I've also seen a few worrying numbers for iOS/Android developers. The majority of them don't seem to even break even anymore on the markets, with the established few banking well into the millions, and most everyone else collecting scraps. That's not exactly a stable market, because the hundreds of shovelware titles swamp the few good games that release each week. That is unless you know where and how to find info to help you sift through the sh….
Stating Apple is "home to niche genres," a claim you made of the company and its iPad tablet, is similar to saying mainstream movie theaters are home to indie films. In what way is the iPad home to a niche gaming genre?
Moreover, how is Facebook an important gaming platform? Based on your commentary, one would have to conclude that any website, electronic device, et cetera is an Importantgamingnplatform simply because people can play games on it. Is Ebaum's World an important gaming platform? Millions of people played games on the website. Why didn't you mention them a handful of years ago? Android phones have games available to play. Where do you mention Google?

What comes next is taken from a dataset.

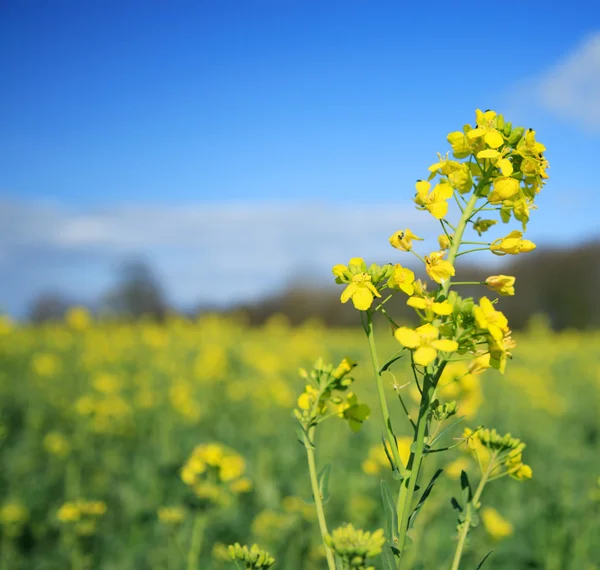 Rapeseed flower — Stock Photo, Image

Firstly, thanks for dropping by. But to clarify for you:
I said the iPad is home to some niche genres. If you want to play a board game, they're bring produced for the iPad, not the other formats. If you're in to casual gaming, it's usually iPad first, other consoles later. The strategy genre will be the next to go, now that the likes of Matrix and Paradox are taking the platform seriously. None of this is up for debate – with some game genres, the iPad is by far the best place to go for them.
The reason I mention Facebook and Apple is, more than Google and the other platforms you mention, Facebook and Apple control the experience. They are both, by far, the closest business models to the traditional gaming industry, and because of that they're both having a direct influence on the games industry that the more passive likes of Google are not.
That said I wouldn't be surprised if Google started attending E3. Perhaps not as a keynote, but Google, like OnLive, is an opportunity for developers and publishers, and really should be there for the back door meetings if nothing else.